La pression internationale pour plus de transparence dans ce domaine s'accroit d'autant plus que la CE travaille sur un projet réglementaire qui devrait s'inspirer la loi Dodd-Franks aux USA et qui permet d'imposer aux industries minières de détailler leurs paiements aux pays producteurs. La Suisse semble bien naïve de croire que la branche créerait d'elle même des mécanismes de contrôles efficaces et crédibles. La Confédération devrait reprendre, ou du moins s'inspirer, des travaux de la commission européenne pour limiter les risques de corruption et les dégâts d'image qu'elle essaie d'anticiper par son rapport.
Certain traders, à l'instar de M. Richard Watts, directeur de la société genevoise HR Maritime, essaient de distinguer les divers types de négoces.
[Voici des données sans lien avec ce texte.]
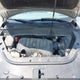 1GNKREED9CJ195397 2012 Chevrolet Traverse Ls auction photo thumbnail 10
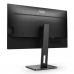 Monitor AOC Q27P2Q 27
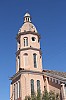 21448.jpg 21448.jpg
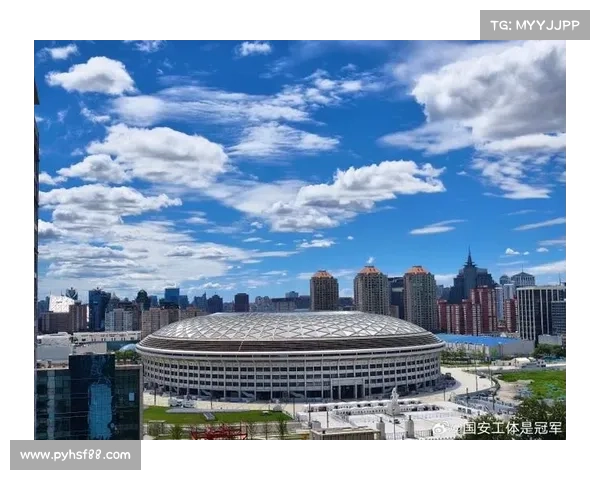 工体赛事几点完 工体赛事结束时间最新揭晓今晚比赛落幕时刻详细预告 工体赛事几点完 工体赛事结束时间最新揭晓今晚比赛落幕时刻详细预告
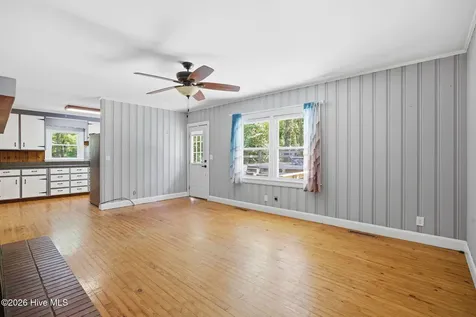 302 Copas Road SW Shallotte NC 28470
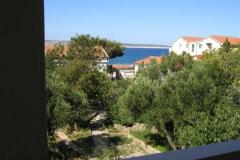 Appartement BRAGOC Appartement 2 – AP2 foto 5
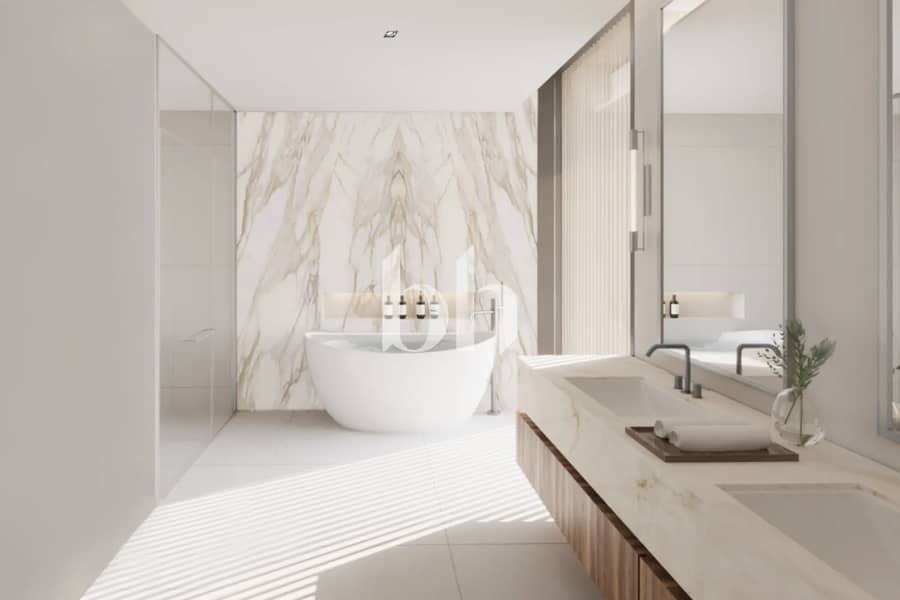 Corner Unit | Phase 2 | Prime Location - Image 22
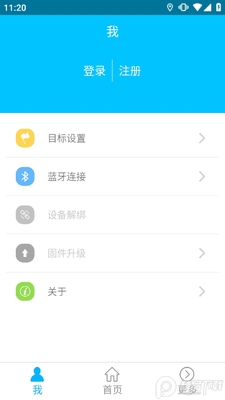 �ֶ��ֻ��ٷ����ͼ1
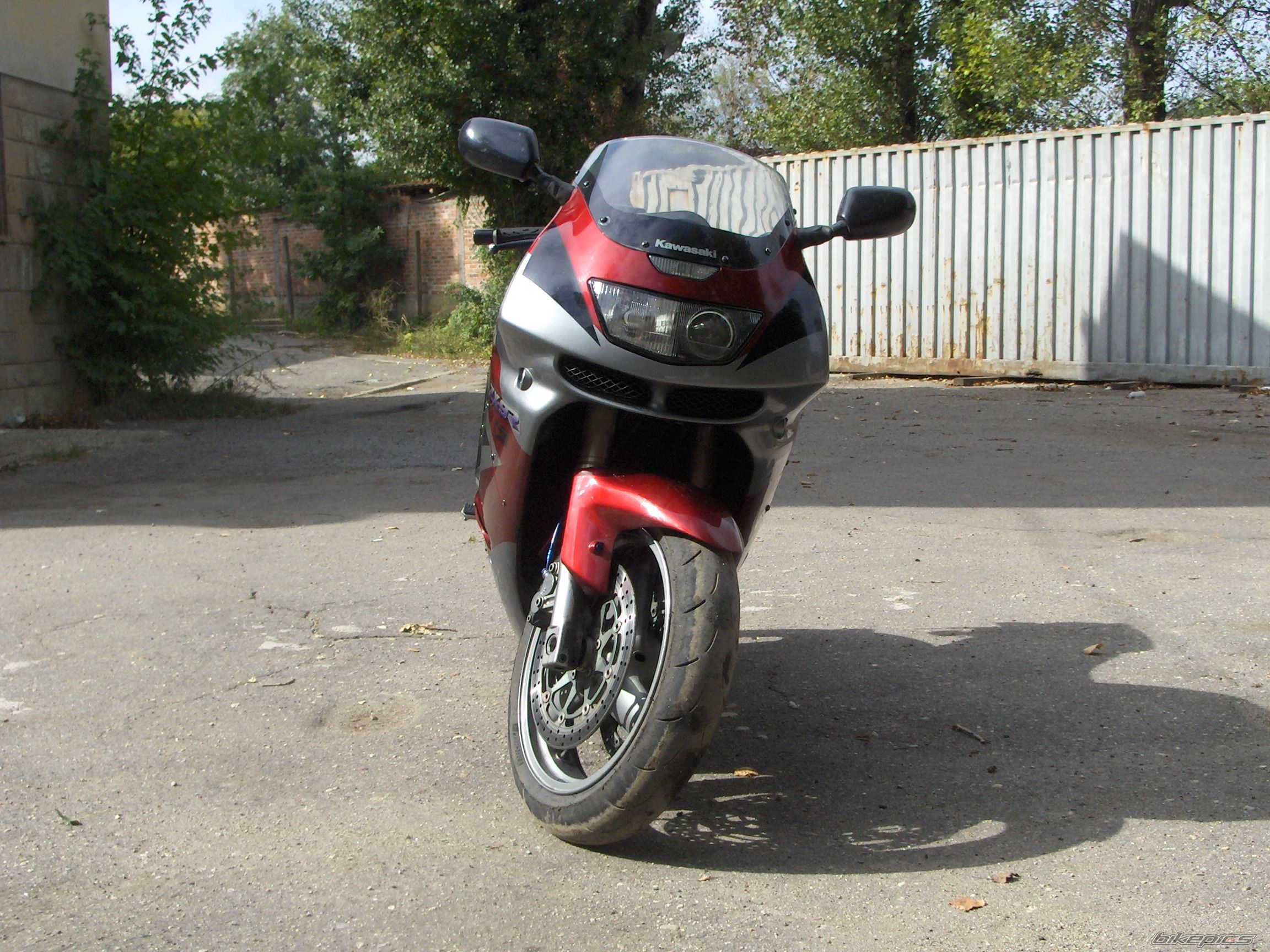 Photo 1492890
Il semble suggérer, dans l'interview accordé à la Tribune de Genève du 17 mars 2013, que les sociétés présentes chez nous sont essentiellement actives dans le négoce physique qui apporte une valeur ajoutée aux produits par leur transformation plutôt que dans la spéculation pure du négoce financier. A vérifier.
Il faut aussi faire une distinction entre les entreprises actives dans l'extraction des matières premières qui sont la principale cible des dénonciations et celles très présentes en Suisse qui s'occupent de transformation et de création de produits dérivés. Bien qu'elles opèrent parfois sur les deux terrains.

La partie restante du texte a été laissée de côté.